Without being committed to Korkmaz, Brand was able to use the $2 million (less $900,000 for having fewer than 12 players on the roster) that would have been guaranteed to him during free agency in order to sign Horford and Milton to their four-year contracts. The team signed Korkmaz using a Minimum Player Salary Exception to exceed the salary cap and only committed $1,620,565 in salary.
If during the season it is determined that Korkmaz isn’t worth occupying a roster spot, the team can waive him and sign a replacement using the same Minimum Player Salary Exception. Such a move would cost ownership money, but not be enough to force the team into the Luxury Tax.
A reported detail that could prove to be significant is July 10, 2020, when the second year of the contract becomes guaranteed.

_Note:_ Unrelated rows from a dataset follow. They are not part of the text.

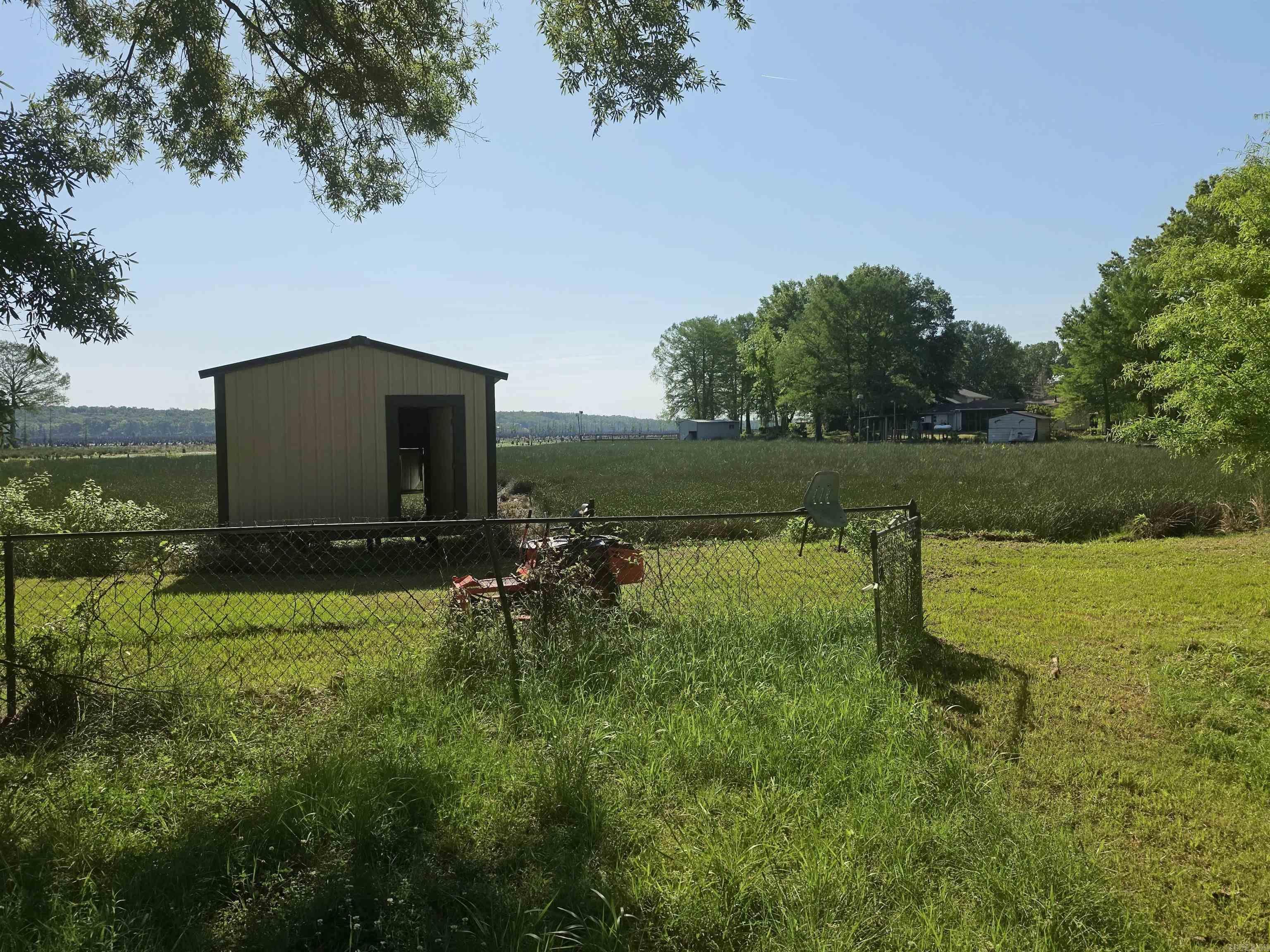 16 Roberts Drive Property Photo 15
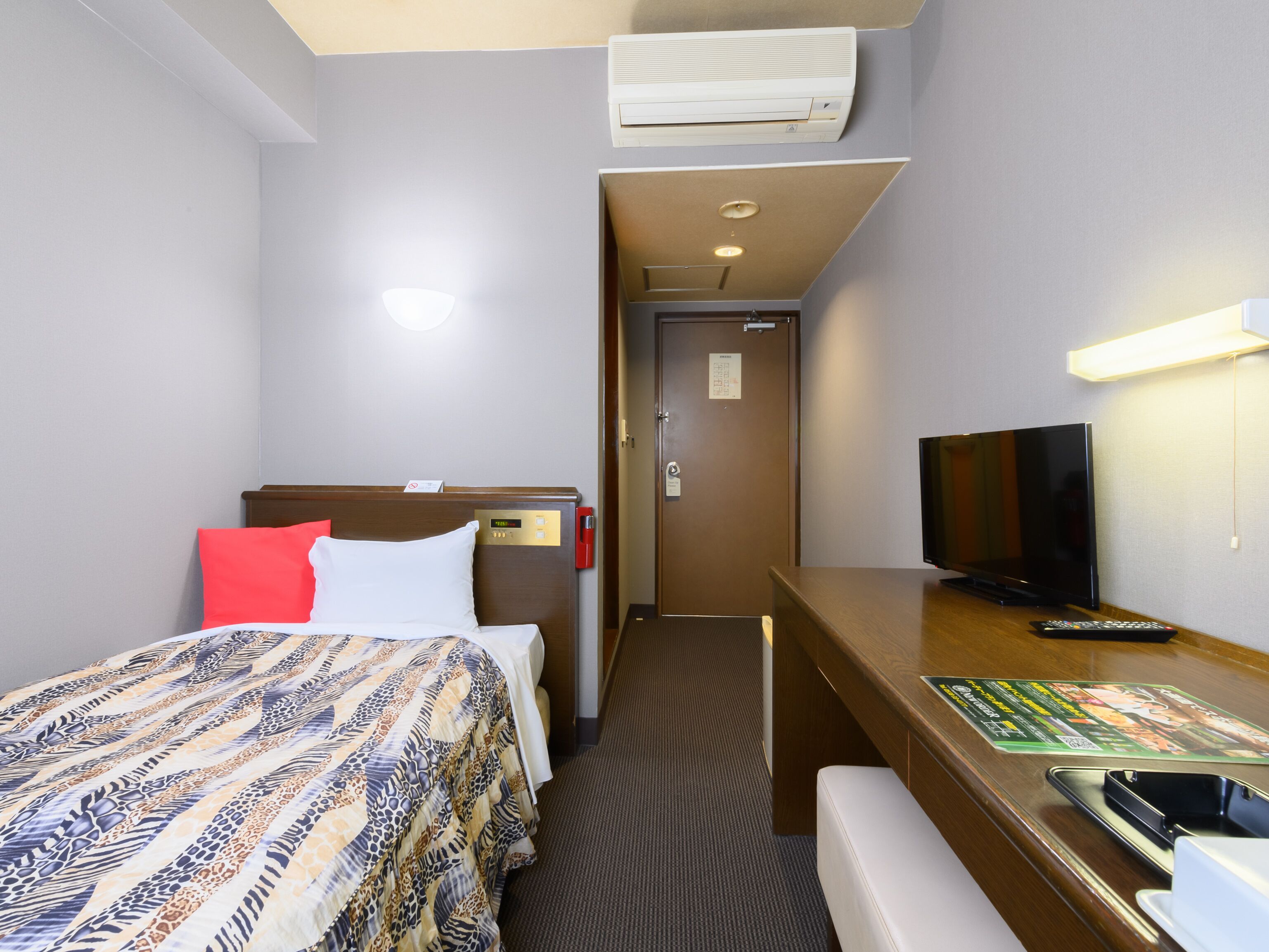 Tabist IWATA Station Hotel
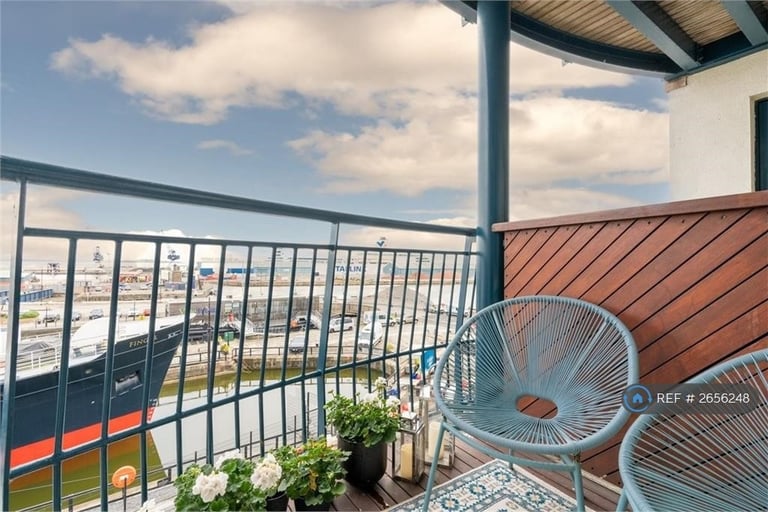 3 bedroom flat in Ocean Drive, Edinburgh, EH6 (3 bed) (#2656248)
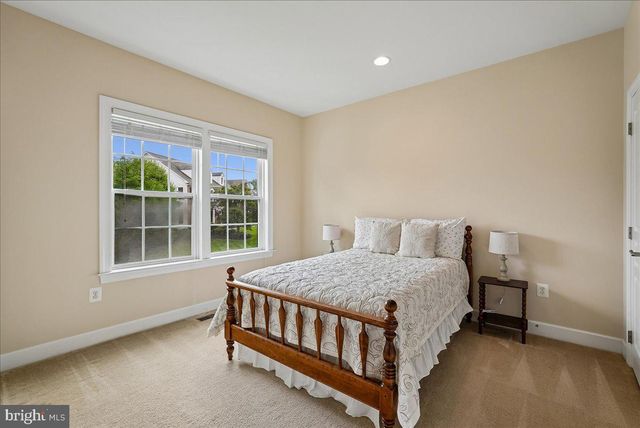 16119 TURNING LEAF LN, Leesburg, VA 20176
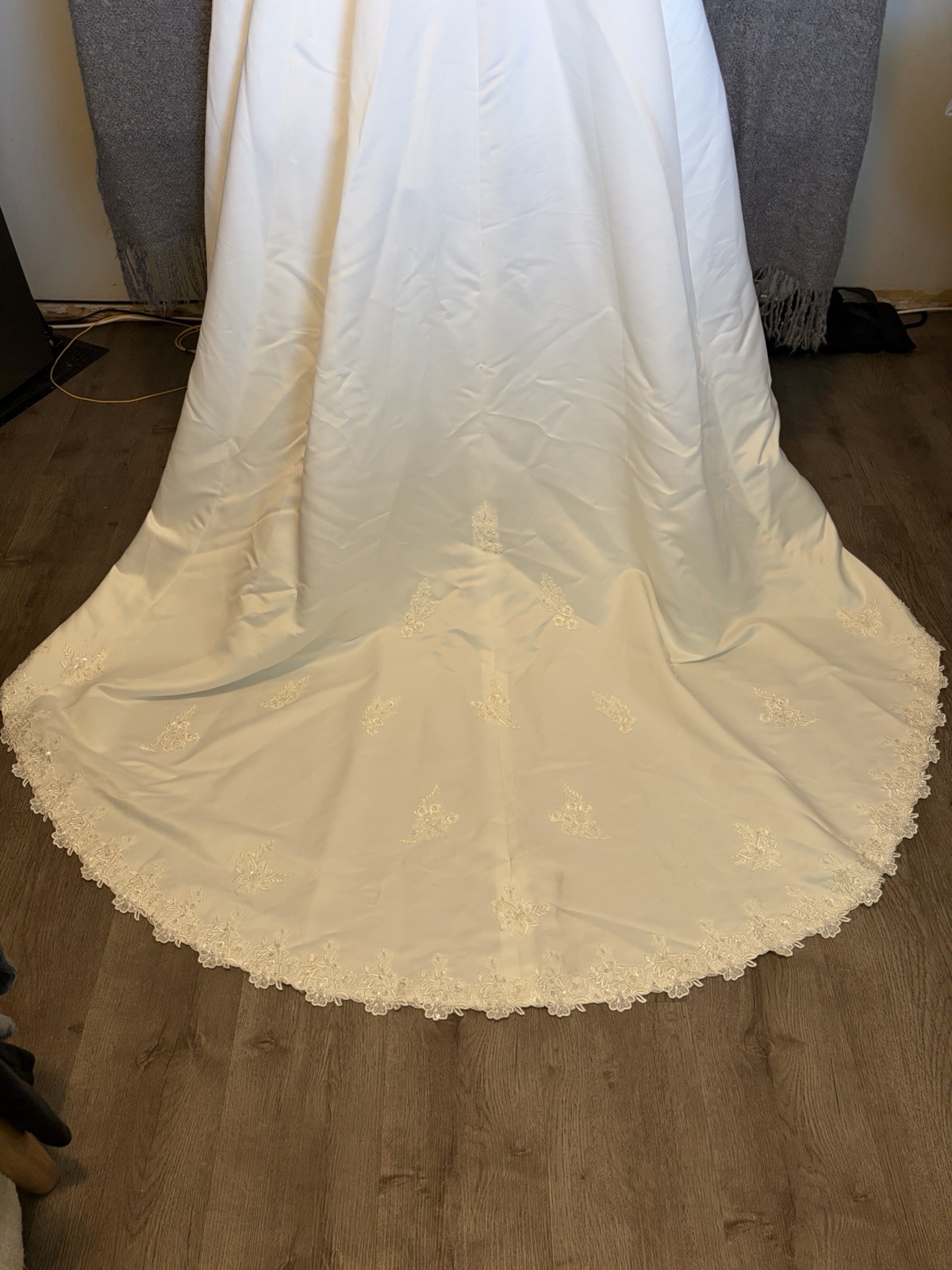 Christina Wu Ivory Lace Appliqué Wedding Dress Size 16 Regular Style 1660-2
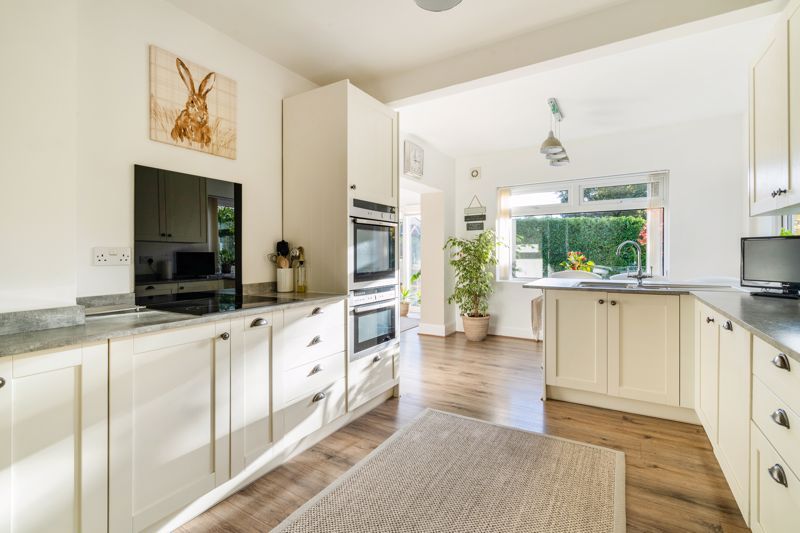 4 bed detached house for sale in Fernlea Avenue, Ferndown BH22, £775,000 Zoopla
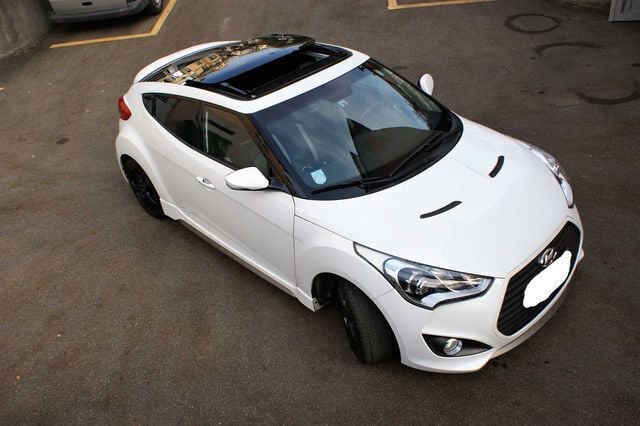 Weiß metallic Gebraucht 2014 Hyundai Veloster Turbo Kleinwagen | 13.500 € (Etwas zu teuer) - Bild 1/4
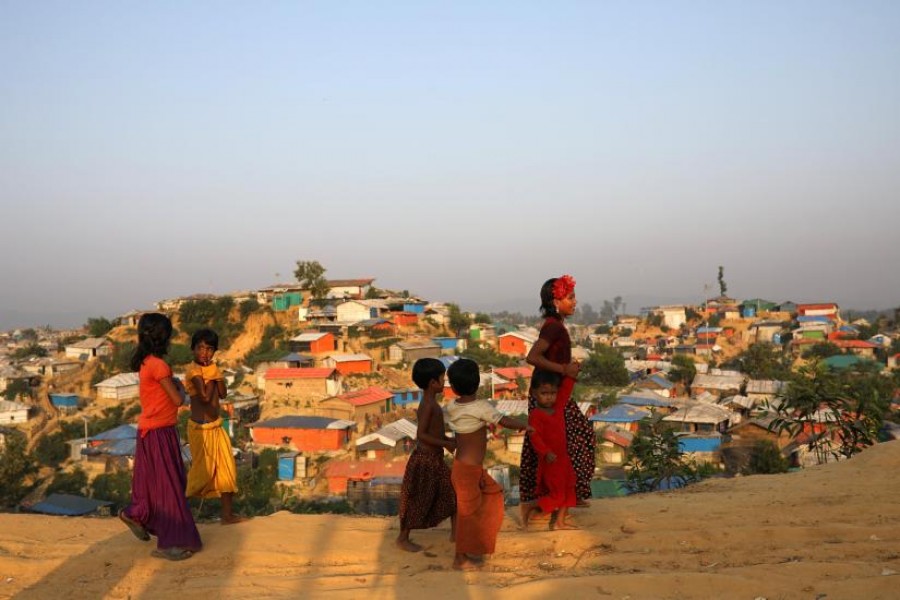 Govt urged to lift internet restrictions at Rohinga refugee camps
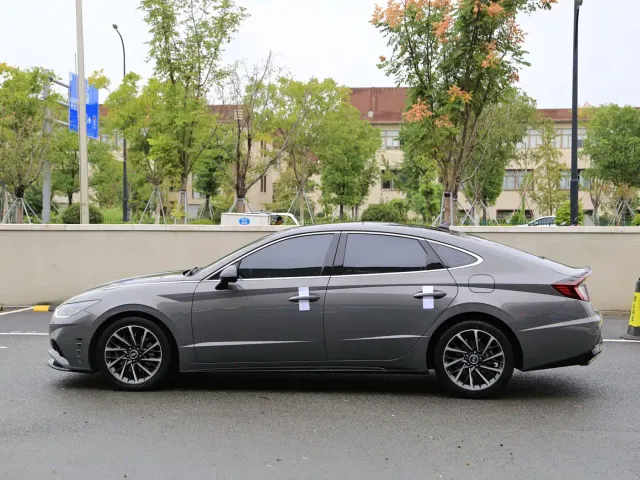Hyundai Sonata — Фото автомобиля 17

Furkan Korkmaz returns to the Sixers on a two-year minimum deal.— Kyle Neubeck (@KyleNeubeck) July 24, 2019
First year is guaranteed, second year has a trigger date of July 10, 2020 to become guaranteed, I am told.
The $1.9 million savings of the second year of the deal when compared to the original fourth-year option is a great savings. However, a decision on the exercising of the fourth year would have needed to be made by Halloween this year. As currently structured, the organization can use the entire upcoming season to gauge if Korkmaz has improved and if he would be worth retaining the following season. They can even go nine days into free agency to see if a better option becomes available requiring the use of the $1.76 million that will become guaranteed if he is still on the roster.
If Korkmaz does hit his stride and finds regular rotation minutes on a team in need of outside shooting off the bench, the value of his contract next season would be coveted by a team that will be taxpayers. When the team declined Korkmaz’s team option, they renounced his right in the same motion. However, since he never changed teams as a free agent, after the 2019-20 season, the team will have his Full Bird Rights, allowing them to exceed the salary cap in the 2021 offseason to re-sign him if they so choose.
Barring a trade, the team will be over the Apron in the 2020-21 season and have limited options to add talent to the bench and end of the roster. The team will be unable to use the Biannual Exception, unable to receive a player in a sign-and-trade transaction and being limited to the smaller, Taxpayer Mid-Level Exception instead of the larger Non-Taxpayer Mid-Level Exception. If the salary cap comes in at $117 million as currently projected, that difference is $9.9 million versus $6.1 million.
If Brand had any critics resulting from declining Korkmaz’s team option last October, they are silenced today. The team used their flexibility in free agency to put themselves in a more advantageous position contractually with the player moving forward.